__Given data__
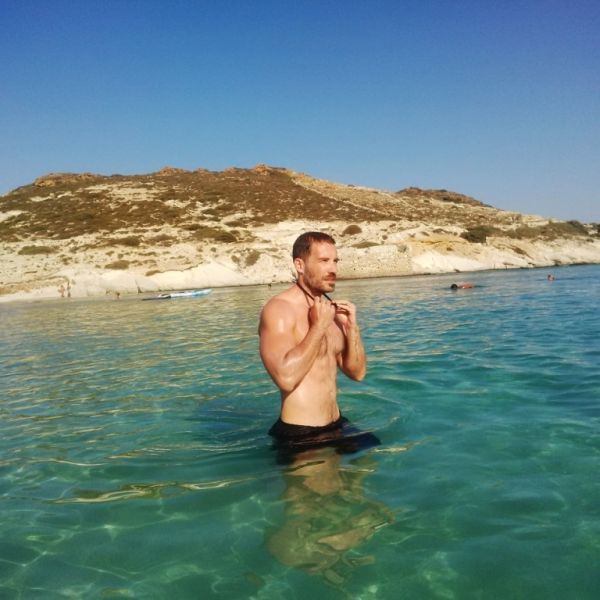 Δούκας Χατζηδούκας: Οι καλοκαιρινές του διακοπές στην Κίμωλο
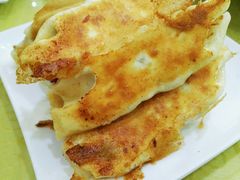 肉三鲜锅贴-春水锅贴·传统鲁菜(大明湖店)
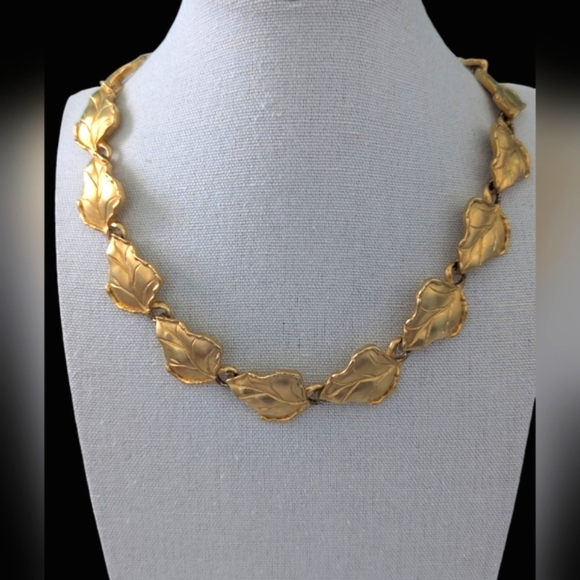 Vintage Signed Paquette Leaf Link Gold Tone Necklace - Picture 2 of 4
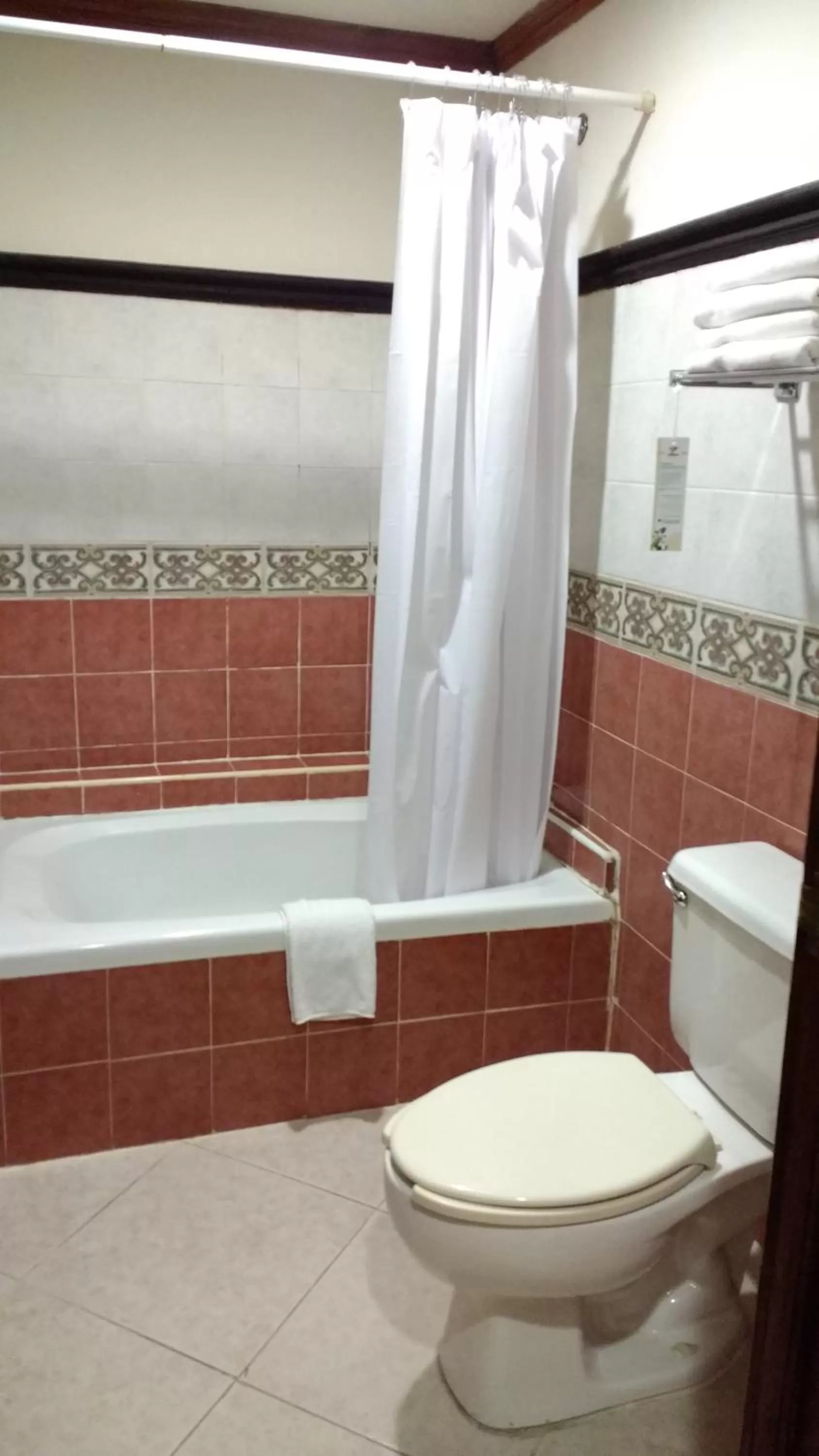 Shower in Suites Flamboyanes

__Exercise instructions__
Please write the material out again exactly as shown above, minus any pictures.

__Answer below__
 Δούκας Χατζηδούκας: Οι καλοκαιρινές του διακοπές στην Κίμωλο
 肉三鲜锅贴-春水锅贴·传统鲁菜(大明湖店)
 Vintage Signed Paquette Leaf Link Gold Tone Necklace - Picture 2 of 4
 Shower in Suites Flamboyanes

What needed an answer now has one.